January 19th, 2017

Variational Inference using Implicit Models Part II: Amortised Inference

This post is part of a series on Variational Inference with Implicit Models. Here is a table of contents:

http://www.inference.vc/variational-inference-using-implicit-models-part-iv-denoisers-instead-of-discriminators/

In a previous post I showed a simple way to use a GAN-style algorithm to perform approximate inference with implicit variational distributions. There, I used a Bayesian linear regression model where we aim to infer a single global hidden variable given a set of conditionally i.i.d. observations. In this post I will consider a slightly more complicated model with one latent variable per observation, and just like in variational autoencoders (VAEs), we are going to derive an amortised variational inference scheme.
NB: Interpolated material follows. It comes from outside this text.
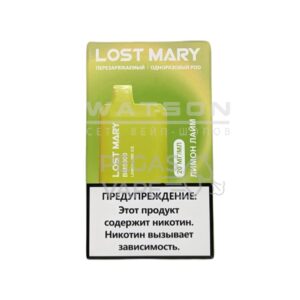Электронная сигарета LOST MARY BM5000 (Лимон лайм) купить с доставкой в Екатеринбургу и области, по России и СНГ. Цена. Изображение №20. 
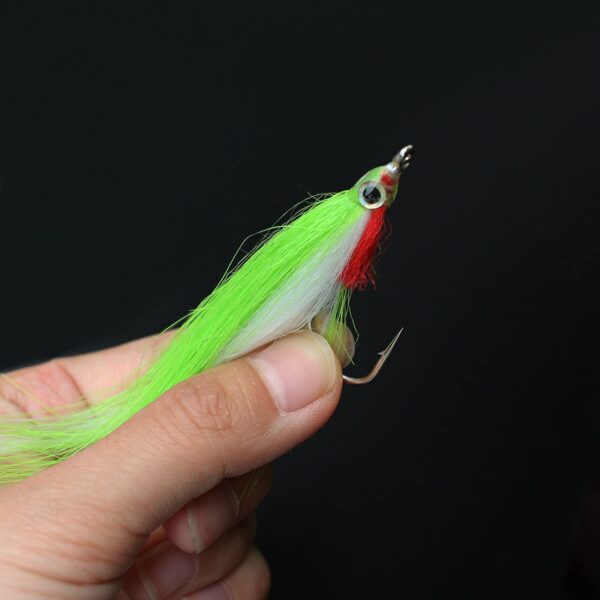 20 pcs 1/0 4cm UV Colors High Carbon Hook Po Dry Flies Nymphs Fly Fishing Flies Kit - Image 4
The graphical model now looks like this:

For each observation $y_n$ there is an associated latent variable $x_n$, which are drawn i.i.d. from some prior $p(x)$.
As for the notation: the $x$ for latents, $y$ for observed data notation is used in some old-school statistical ML literature such as my favourite paper - in the GAN/VAE literature, my $x$ would be a $z$ and my $y$ would be an $x$. Sorry for the confusion, I wrote it this way, but I should probably adapt to the times at some point and update my notation

Variational inference in such model would involve introducing variational distributions $q_n(x)$ for each observation $y_n$, but doing so would require a lot of parameters, growing linearly with observations. Furthermore, we could not quickly infer $x$ given a previously unseen observation. We will therefore perform amortised inference where we introduce a recognition model $q(x_n\vert y_n; \psi)$, parametrised by the observation $y$, and only adjust a single set of parameters $\psi$ that is shared across all observations. In the following I will omit the parameter $\psi$ and just refer to the variational distribution as $q(x_n\vert y_n)$.

A summary of this post

Take a step back: Why?

A question I never really went into in the previous post is: why do we even want to perform variational inference with implicit models? There can be many reasons but perhaps most importantly, we can model more complicated distributions with implicit models. In normal VI we are often limited to exponential family distributions such as Gaussians. When dealing with joint distributions we often approximate these with products of independent factors. Even in VAEs, although the recognition model can be a very complex function of its input, at the end of the day we usually outputs just a single Gaussian. We are interested in improving approximate inference in models whose posteriors will be very complicated, maybe multimodal, or concentrated on a manifold, or handle weird shapes that arise when dealing with non-identifiability. The parametric assumptions we make in VI are often too strong, and implicit models would be one way to relax these.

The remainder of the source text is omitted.